_Work to complete_: Search the entries for the word "Lathyrus". Copy each line in which it is found.

_Material to process_:
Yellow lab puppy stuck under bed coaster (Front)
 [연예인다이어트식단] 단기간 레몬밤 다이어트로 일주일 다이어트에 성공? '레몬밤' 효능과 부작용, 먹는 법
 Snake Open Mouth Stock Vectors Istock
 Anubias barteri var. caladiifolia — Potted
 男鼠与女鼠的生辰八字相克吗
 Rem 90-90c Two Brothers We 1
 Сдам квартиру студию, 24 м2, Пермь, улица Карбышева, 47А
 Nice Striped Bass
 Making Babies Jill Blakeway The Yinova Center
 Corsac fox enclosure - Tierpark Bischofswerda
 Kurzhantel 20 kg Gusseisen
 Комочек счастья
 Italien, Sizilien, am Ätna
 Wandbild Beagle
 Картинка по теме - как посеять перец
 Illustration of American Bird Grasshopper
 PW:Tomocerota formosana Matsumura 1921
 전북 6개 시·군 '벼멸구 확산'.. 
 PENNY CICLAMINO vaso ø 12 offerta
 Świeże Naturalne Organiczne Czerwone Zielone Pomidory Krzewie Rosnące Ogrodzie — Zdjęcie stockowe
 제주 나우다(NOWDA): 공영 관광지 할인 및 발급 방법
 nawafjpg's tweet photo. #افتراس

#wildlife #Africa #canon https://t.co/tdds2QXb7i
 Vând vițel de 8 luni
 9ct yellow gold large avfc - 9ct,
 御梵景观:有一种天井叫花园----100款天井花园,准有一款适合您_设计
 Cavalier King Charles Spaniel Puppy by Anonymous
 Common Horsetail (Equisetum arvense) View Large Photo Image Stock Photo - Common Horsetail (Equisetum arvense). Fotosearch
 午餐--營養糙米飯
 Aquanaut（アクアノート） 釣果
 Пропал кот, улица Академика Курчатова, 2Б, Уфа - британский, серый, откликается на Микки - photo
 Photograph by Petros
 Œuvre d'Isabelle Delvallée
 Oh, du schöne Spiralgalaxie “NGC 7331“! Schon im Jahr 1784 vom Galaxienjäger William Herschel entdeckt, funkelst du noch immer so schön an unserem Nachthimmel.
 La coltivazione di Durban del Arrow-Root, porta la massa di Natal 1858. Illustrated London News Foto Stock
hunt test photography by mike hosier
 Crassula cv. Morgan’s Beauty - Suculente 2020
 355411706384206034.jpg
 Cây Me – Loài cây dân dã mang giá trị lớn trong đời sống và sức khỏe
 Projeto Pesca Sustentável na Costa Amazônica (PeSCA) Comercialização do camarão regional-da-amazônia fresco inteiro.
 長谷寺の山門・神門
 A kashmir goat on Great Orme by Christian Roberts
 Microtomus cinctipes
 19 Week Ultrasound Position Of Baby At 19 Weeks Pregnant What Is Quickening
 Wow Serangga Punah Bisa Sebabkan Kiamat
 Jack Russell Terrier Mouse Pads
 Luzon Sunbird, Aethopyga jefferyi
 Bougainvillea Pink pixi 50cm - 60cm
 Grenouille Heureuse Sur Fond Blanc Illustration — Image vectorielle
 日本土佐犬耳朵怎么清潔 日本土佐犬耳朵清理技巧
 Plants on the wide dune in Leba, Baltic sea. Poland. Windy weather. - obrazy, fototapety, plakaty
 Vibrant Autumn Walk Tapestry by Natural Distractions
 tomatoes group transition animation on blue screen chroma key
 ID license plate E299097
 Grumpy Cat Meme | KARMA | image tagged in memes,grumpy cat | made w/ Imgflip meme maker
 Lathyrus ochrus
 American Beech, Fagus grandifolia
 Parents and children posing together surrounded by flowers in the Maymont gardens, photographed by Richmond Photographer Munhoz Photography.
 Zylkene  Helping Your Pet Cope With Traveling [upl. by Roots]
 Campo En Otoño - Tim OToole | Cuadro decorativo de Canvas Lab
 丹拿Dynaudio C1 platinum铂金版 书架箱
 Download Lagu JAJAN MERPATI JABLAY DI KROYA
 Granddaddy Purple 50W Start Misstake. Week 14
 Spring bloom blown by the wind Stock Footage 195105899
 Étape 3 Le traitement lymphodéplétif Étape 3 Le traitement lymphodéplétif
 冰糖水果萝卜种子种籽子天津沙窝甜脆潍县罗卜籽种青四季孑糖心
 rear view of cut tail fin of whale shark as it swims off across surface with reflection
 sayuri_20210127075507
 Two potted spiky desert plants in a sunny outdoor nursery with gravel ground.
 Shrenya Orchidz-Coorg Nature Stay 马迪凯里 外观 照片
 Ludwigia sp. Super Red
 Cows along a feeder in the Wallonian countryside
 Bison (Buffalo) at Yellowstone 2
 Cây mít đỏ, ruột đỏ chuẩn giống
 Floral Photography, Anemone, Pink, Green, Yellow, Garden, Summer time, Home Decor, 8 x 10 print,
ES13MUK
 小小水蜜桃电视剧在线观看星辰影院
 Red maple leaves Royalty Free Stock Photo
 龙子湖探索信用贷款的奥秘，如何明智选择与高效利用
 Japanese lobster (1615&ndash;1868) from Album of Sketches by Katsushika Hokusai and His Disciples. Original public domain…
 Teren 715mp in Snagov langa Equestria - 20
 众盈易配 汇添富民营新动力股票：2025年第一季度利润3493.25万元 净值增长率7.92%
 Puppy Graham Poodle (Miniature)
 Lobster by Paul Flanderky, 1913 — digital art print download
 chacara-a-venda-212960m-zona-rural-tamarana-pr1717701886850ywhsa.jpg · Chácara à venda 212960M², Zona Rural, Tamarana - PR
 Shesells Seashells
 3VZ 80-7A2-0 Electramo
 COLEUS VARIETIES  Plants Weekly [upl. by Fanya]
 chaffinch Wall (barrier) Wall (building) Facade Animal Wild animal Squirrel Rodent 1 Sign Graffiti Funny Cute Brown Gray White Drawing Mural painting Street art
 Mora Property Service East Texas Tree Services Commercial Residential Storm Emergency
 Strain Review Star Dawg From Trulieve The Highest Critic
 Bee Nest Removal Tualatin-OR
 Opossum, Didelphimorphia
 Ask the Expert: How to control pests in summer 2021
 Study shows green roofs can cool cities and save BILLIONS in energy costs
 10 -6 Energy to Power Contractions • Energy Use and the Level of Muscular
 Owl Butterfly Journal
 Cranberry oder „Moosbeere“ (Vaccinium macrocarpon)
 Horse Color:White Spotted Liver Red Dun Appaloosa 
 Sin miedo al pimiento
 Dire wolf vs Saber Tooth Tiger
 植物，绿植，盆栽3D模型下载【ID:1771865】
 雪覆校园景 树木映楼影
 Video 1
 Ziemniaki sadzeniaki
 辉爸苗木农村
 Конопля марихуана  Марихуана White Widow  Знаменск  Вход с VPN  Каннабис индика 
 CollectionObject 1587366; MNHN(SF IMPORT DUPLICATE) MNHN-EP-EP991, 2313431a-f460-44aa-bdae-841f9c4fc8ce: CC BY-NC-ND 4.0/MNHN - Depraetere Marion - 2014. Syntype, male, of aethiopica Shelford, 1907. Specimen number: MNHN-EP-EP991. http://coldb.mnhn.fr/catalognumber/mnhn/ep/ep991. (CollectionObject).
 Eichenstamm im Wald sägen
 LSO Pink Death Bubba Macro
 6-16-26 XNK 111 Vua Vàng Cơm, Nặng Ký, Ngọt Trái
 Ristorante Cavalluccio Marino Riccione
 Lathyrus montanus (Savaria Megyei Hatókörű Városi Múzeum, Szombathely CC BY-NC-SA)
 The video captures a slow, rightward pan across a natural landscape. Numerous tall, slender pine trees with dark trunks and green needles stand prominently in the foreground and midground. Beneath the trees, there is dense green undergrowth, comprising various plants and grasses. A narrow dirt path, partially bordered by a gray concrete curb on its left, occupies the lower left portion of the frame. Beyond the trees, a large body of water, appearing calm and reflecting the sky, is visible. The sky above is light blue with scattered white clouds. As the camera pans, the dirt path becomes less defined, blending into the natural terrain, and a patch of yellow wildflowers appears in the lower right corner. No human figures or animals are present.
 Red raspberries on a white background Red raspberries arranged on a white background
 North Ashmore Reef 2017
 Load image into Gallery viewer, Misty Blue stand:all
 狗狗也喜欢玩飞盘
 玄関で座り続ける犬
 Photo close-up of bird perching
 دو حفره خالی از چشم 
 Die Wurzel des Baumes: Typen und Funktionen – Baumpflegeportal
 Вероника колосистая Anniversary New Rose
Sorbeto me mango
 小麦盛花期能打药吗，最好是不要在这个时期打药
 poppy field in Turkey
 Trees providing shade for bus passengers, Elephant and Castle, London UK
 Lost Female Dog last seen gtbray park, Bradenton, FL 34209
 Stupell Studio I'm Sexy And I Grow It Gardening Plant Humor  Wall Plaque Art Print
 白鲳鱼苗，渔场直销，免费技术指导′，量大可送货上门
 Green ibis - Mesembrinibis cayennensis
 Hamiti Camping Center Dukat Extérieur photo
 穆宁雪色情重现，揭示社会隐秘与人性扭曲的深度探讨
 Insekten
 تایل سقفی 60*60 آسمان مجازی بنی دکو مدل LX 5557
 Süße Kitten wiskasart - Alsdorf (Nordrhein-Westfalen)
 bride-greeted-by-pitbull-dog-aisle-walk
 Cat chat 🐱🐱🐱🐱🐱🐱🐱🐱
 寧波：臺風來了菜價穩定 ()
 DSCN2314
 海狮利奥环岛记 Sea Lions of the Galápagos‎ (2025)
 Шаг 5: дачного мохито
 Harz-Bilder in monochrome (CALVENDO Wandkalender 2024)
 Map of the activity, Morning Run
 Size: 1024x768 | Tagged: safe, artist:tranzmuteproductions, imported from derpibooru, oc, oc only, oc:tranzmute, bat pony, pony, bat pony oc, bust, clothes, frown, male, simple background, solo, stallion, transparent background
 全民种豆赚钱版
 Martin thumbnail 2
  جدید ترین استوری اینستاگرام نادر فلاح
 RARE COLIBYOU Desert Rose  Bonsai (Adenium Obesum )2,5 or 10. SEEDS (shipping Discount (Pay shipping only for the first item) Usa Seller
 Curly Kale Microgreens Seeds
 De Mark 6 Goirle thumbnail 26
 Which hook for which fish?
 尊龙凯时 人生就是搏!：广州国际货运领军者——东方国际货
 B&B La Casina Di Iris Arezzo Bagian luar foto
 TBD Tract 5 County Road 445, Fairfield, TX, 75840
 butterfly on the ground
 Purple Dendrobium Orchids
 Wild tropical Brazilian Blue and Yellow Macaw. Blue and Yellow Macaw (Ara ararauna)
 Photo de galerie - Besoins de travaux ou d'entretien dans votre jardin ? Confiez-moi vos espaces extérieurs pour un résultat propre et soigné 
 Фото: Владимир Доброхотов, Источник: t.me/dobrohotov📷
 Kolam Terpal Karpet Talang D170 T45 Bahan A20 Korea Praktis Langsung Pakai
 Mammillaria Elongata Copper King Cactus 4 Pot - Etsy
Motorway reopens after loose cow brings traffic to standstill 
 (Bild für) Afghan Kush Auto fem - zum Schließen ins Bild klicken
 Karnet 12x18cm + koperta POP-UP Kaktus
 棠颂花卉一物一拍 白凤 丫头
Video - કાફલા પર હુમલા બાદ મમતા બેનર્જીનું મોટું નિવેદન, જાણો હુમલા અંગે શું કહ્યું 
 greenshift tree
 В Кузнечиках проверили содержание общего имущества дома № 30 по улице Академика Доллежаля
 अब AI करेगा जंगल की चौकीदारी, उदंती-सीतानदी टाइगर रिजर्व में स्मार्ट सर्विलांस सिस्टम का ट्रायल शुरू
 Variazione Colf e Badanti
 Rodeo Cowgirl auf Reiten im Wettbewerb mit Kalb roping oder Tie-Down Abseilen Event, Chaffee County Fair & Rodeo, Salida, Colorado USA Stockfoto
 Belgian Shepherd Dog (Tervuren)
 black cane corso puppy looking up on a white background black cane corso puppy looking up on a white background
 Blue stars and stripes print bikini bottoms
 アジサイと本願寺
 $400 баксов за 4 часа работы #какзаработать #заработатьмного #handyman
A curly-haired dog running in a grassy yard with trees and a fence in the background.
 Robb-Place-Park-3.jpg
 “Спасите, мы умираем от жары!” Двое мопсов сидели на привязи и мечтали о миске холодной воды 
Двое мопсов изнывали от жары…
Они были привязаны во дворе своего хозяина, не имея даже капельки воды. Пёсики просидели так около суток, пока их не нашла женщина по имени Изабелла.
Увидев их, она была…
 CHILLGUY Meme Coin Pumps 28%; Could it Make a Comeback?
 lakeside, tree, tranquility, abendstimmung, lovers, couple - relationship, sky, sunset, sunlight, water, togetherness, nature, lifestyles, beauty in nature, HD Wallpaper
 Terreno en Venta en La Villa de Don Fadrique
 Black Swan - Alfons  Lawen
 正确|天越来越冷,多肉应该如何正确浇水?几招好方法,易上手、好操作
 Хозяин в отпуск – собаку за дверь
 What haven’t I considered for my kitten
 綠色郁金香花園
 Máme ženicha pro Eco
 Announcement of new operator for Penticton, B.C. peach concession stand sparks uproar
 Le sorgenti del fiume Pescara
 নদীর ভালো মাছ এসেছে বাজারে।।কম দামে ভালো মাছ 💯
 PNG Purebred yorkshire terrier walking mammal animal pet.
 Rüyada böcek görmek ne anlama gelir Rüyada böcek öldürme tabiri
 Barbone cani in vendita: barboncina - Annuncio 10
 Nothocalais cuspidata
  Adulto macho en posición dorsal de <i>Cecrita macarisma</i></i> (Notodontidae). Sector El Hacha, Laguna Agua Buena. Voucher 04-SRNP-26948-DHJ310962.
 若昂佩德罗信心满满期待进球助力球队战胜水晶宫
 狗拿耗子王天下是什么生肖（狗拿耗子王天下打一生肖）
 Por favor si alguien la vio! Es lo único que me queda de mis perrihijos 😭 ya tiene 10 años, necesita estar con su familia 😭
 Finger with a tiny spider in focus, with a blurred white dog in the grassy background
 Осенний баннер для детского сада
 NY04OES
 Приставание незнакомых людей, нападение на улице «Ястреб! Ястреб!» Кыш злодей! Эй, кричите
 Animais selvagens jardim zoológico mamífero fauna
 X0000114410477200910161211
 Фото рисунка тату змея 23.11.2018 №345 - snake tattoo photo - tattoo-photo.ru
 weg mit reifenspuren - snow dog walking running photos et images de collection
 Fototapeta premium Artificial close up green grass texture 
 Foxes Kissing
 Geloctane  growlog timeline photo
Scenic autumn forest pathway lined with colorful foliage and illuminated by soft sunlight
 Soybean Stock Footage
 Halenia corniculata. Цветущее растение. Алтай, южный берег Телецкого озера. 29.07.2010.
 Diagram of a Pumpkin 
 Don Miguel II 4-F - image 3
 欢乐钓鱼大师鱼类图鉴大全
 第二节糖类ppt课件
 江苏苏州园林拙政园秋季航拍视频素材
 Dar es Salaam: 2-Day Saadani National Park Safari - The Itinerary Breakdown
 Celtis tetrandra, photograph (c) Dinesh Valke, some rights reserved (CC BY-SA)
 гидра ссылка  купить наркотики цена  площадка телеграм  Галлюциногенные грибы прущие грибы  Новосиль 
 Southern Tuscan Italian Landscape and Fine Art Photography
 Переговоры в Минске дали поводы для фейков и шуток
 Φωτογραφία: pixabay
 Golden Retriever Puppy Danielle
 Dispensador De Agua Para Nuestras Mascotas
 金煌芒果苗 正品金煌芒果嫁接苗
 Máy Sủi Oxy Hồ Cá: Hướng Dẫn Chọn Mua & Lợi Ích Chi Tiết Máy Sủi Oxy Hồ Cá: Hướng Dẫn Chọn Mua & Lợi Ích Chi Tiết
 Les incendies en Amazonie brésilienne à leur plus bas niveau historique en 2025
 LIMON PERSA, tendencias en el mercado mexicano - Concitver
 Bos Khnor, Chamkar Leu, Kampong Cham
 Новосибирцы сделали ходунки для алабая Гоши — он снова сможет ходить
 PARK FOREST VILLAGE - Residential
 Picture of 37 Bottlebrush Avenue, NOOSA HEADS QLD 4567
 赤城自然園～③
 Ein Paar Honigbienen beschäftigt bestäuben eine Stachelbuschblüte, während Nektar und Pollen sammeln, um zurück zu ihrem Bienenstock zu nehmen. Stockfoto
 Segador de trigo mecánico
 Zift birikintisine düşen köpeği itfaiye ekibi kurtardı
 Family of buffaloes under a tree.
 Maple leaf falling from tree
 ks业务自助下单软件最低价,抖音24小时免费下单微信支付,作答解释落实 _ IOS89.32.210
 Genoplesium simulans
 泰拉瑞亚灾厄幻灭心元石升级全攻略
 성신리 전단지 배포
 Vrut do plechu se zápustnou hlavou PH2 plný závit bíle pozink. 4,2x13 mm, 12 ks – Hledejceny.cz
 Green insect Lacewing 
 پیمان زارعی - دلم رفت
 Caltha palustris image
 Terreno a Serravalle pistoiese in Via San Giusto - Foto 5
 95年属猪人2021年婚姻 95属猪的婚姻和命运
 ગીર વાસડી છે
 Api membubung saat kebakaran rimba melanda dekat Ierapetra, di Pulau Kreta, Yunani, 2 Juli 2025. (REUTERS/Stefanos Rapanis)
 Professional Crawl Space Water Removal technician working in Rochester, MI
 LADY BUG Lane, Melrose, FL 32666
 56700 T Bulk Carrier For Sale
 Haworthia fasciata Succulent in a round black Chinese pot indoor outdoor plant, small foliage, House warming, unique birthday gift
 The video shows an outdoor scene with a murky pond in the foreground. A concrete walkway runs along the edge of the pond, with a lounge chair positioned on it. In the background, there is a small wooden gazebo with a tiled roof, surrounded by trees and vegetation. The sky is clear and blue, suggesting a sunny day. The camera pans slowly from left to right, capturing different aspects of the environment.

_Written answer_:
 Lathyrus ochrus
 Lathyrus montanus (Savaria Megyei Hatókörű Városi Múzeum, Szombathely CC BY-NC-SA)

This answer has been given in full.